Exercise objective: Find "Photos 18+: Group" in the material, then return exactly the line containing it and all lines after it to the end, leaving out pictures.

Records:
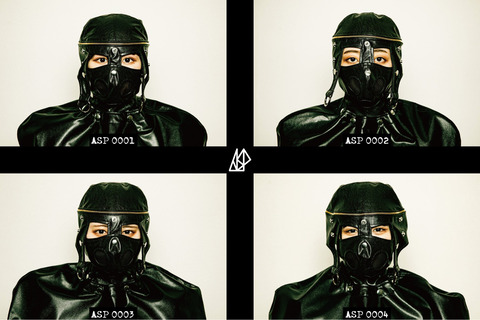 BiSH・豆柴の大群の妹分、ASP（ANAL SEX PENiS）さん、デビューｗｗｗｗｗ （※画像あり）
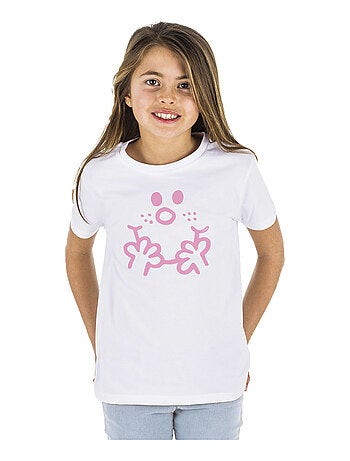 T-shirt bambino VISAGE MADAME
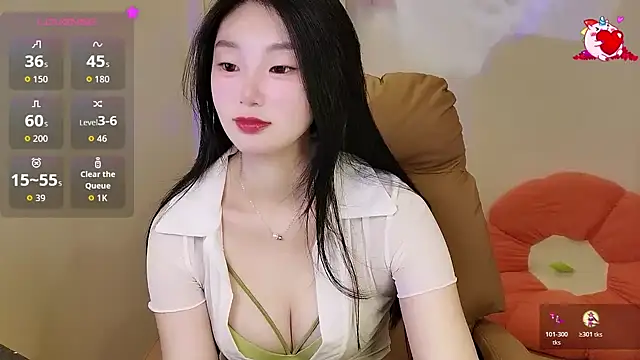 shaovu online show from November 2025 12:02:01 AM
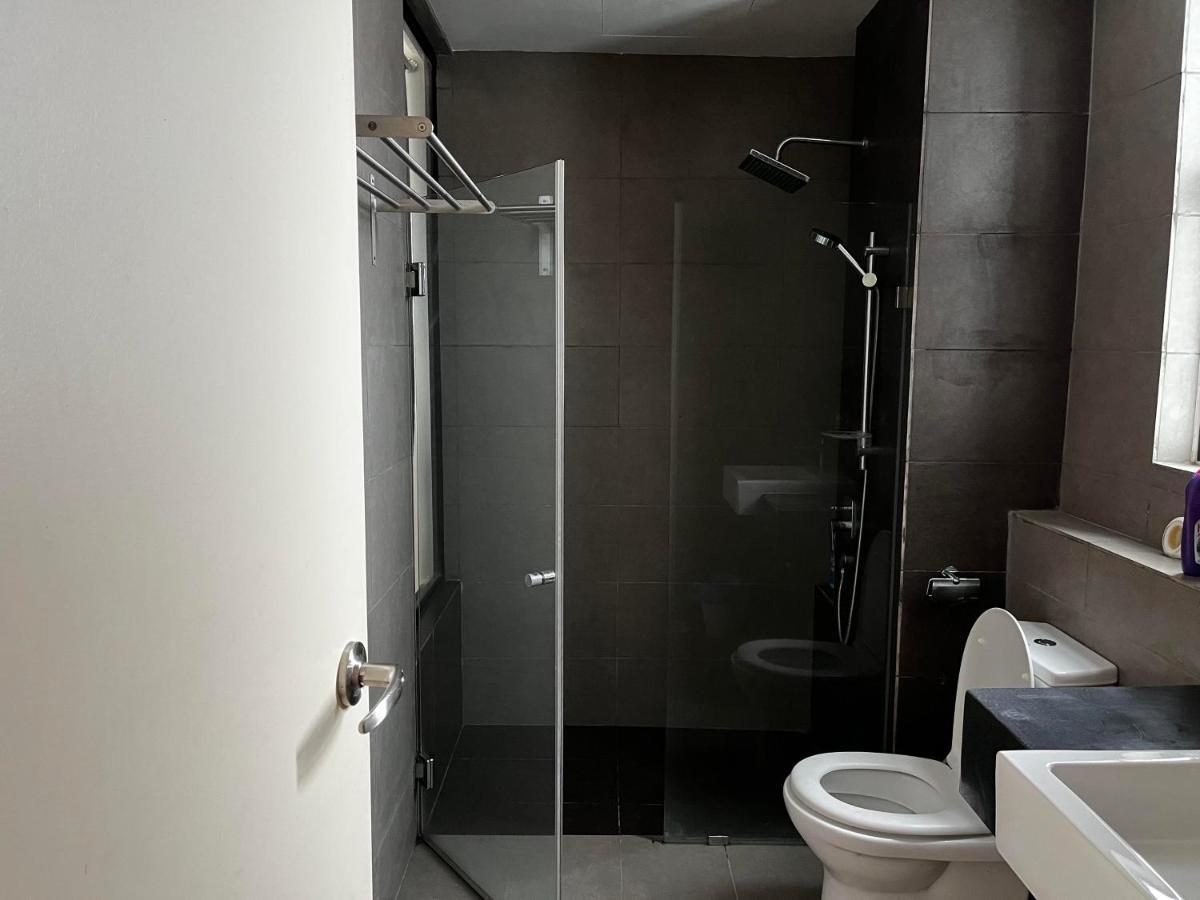 Casa Rv Homestay Mkh Boulevard Kajang Buitenkant foto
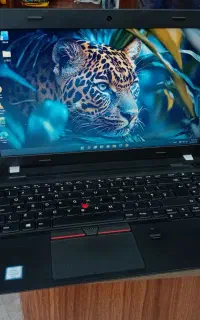 لپ تاپ برند LENOVO نسل ۶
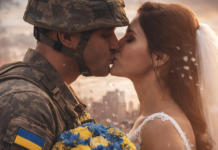 Скільки шлюбів уклали на Одещині у 2025 році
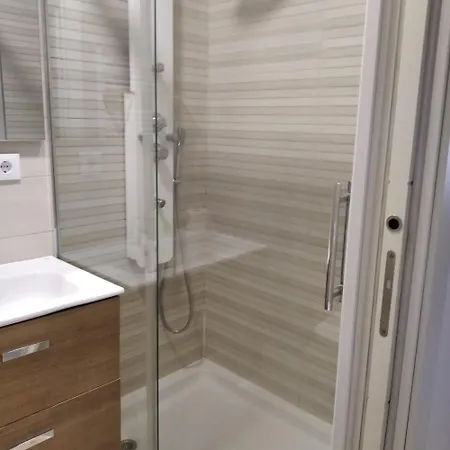 Appartement Nuevo! Piso En Pleno Centro *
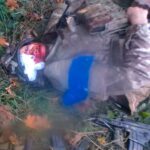 Photos 18+: Group Of Foreign Mercenaries Destroyed In Zaporozhie Region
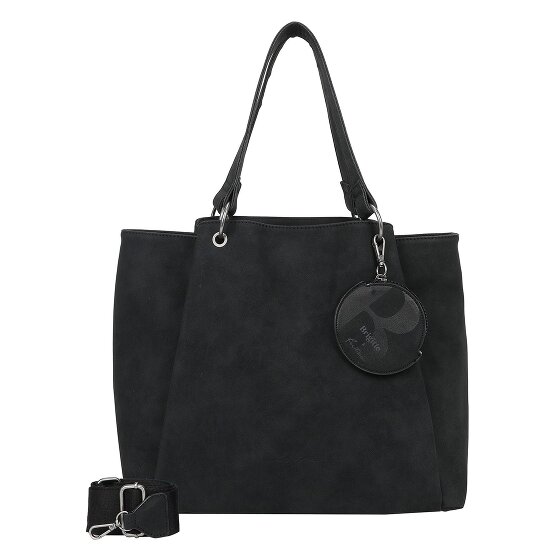 Fritzi aus Preußen Brigitte x Fritzi Jive Shopper Tasche 40 cm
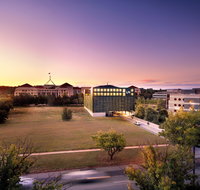 Little National Hotel - Stayed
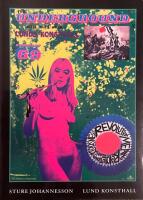 Sture Johannesson - Underground / Counterclockwise Circumambulation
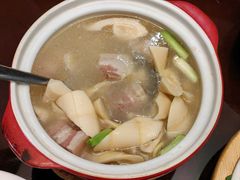 -走马楼饭庄(慈城古县城店)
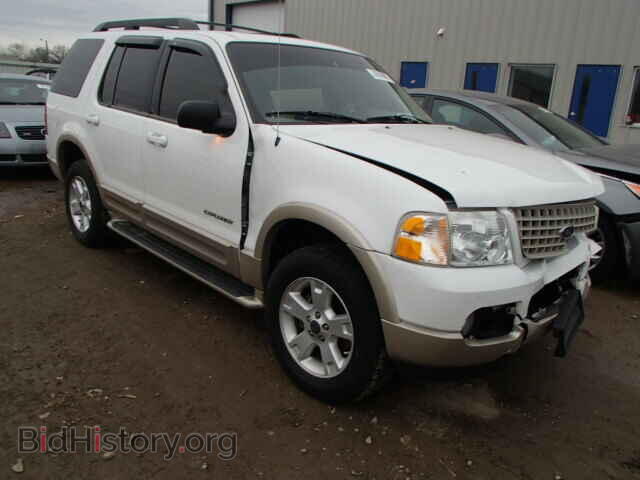 Фотография 1FMDU74K25UB21411 - FORD EXPLORER 2005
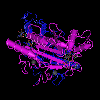 Molecular Structure Image for 3NHR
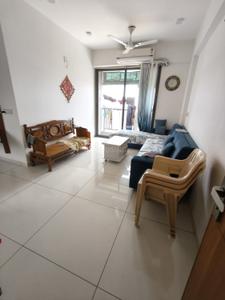 2 BHK Flat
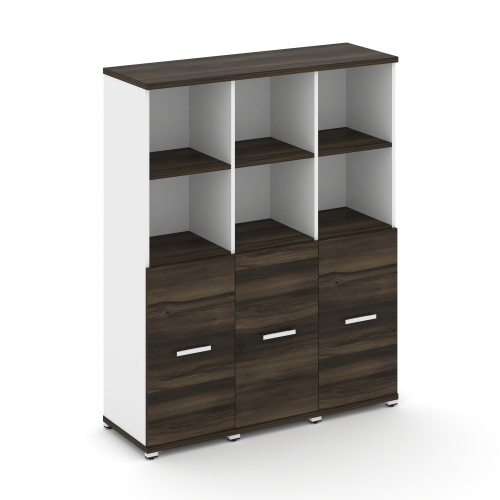 Шкаф офисный Concept CN.STU-431 W фото 2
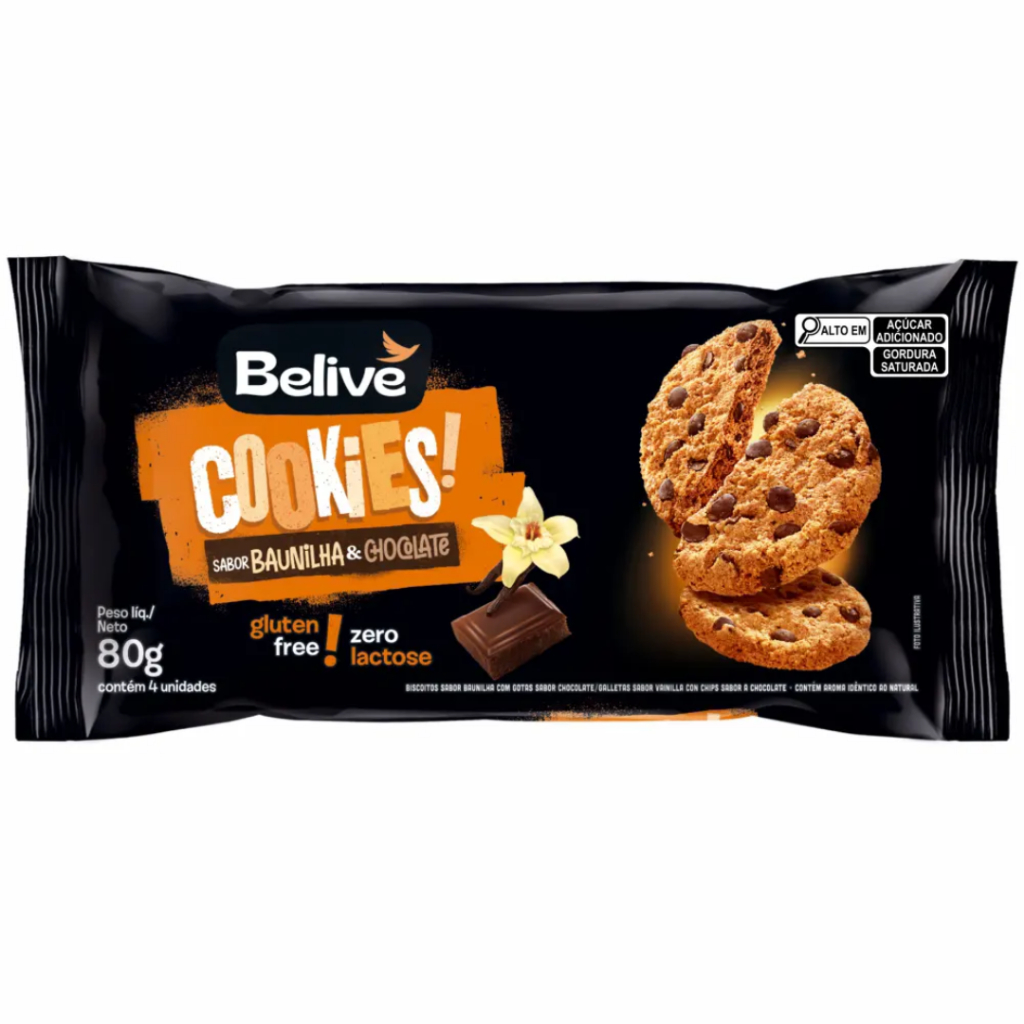 Alimentos sem Gluten e sem Lactose: Onde Comprar | BuscaProdutos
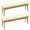 2 Benches, variant on CozyHome Patio Dining Table Acacia Wood Picnic Table for Backyard Lawn Garden Deck Indoor, Beige
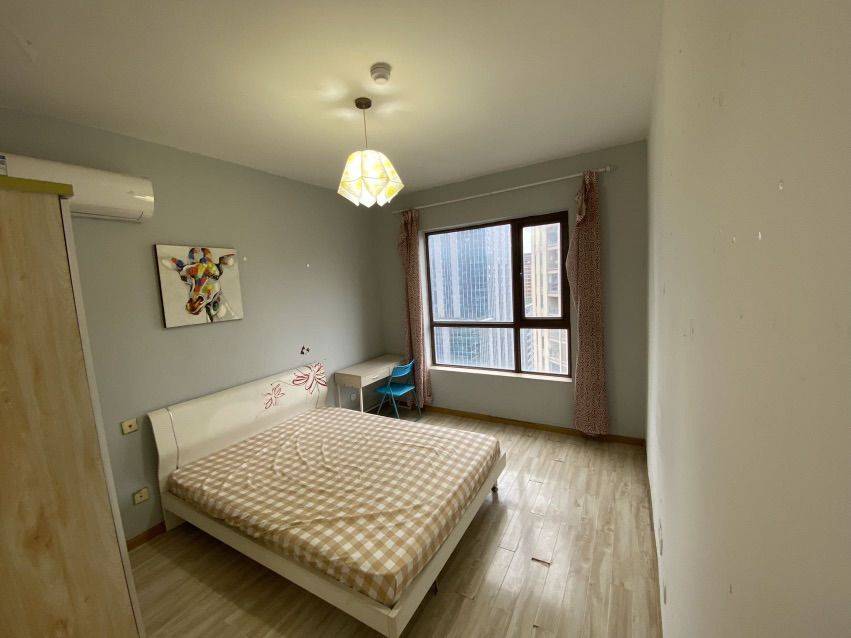 成都 武侯 | 天鹅湖北苑_4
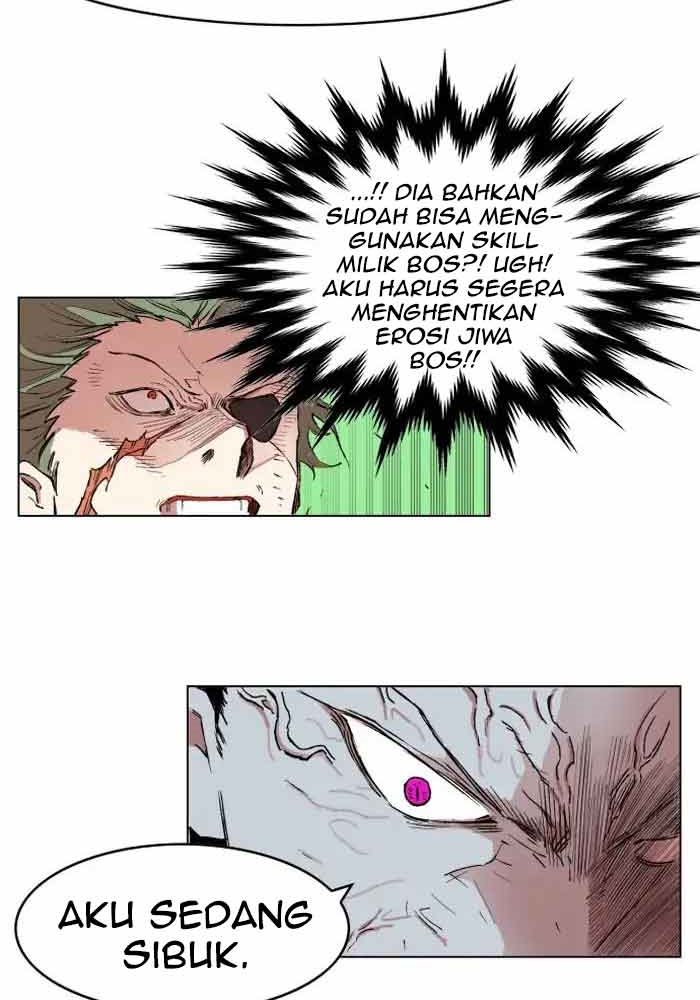 Hardcore Leveling Chapter 157 halaman 50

Exercise result:
 Photos 18+: Group Of Foreign Mercenaries Destroyed In Zaporozhie Region
 Fritzi aus Preußen Brigitte x Fritzi Jive Shopper Tasche 40 cm
 Little National Hotel - Stayed
 Sture Johannesson - Underground / Counterclockwise Circumambulation
 -走马楼饭庄(慈城古县城店)
 Фотография 1FMDU74K25UB21411 - FORD EXPLORER 2005
 Molecular Structure Image for 3NHR
 2 BHK Flat
 Шкаф офисный Concept CN.STU-431 W фото 2
 Alimentos sem Gluten e sem Lactose: Onde Comprar | BuscaProdutos
 2 Benches, variant on CozyHome Patio Dining Table Acacia Wood Picnic Table for Backyard Lawn Garden Deck Indoor, Beige
 成都 武侯 | 天鹅湖北苑_4
 Hardcore Leveling Chapter 157 halaman 50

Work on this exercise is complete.